COLUMBUS, Ohio – Eugene Harmon grew up playing soccer barefoot on the street of Monrovia, the capital of Liberia in West Africa.
Collecting rocks as goalposts and marking boundaries with sticks, Harmon said the sport taught him not to give up easily.
Years of practice paid off. When he moved to the United States in 2009 to pursue higher education, a soccer coach at Bucks County Community College in eastern Pennsylvania invited him to join the college's soccer program and offered him a scholarship. He ultimately completed his associate degree in computer science in four years.
Now, living in Columbus and earning his living as an IT specialist, the 33-year-old wants to give back to his community.
Two years ago, he started a soccer program called the Zion Astro Football Academy (zionastro.com) in his home country to remotely mentor about 60 Liberian children aged 12 to 15. So far, Harmon said he has paid tens of thousands of dollars out of his own pocket to keep the program running.
"Soccer is the most popular sport in Africa, so I decided to use it as an instrument to get the kids' attention and push them to stay in school."

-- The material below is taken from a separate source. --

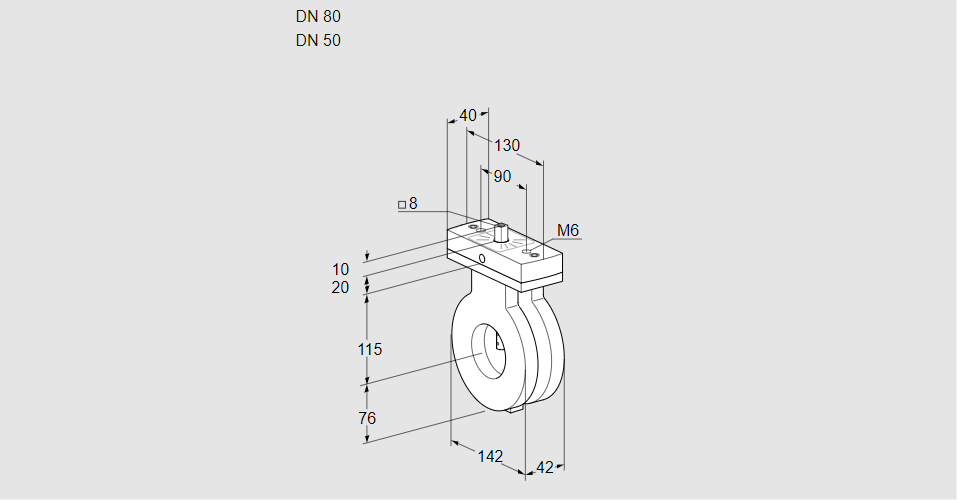 Заслонка дроссельная BVG 80/50Z05V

Harmon was born into a 14-year-long civil war that decimated Liberia's infrastructure and social fabric. His mother did everything to keep him safe, but he saw on the news how children were displaced, assaulted and killed on a daily basis, he said. Some were recruited as child soldiers to fight with warring parties, according to Human Rights Watch.
The war ended in 2003 — when Harmon was still living there — but its impact was long-lasting, he said. When he went back to Liberia to visit his family in 2016, he saw how the country's youth continued to suffer from poverty and an unstable living environment.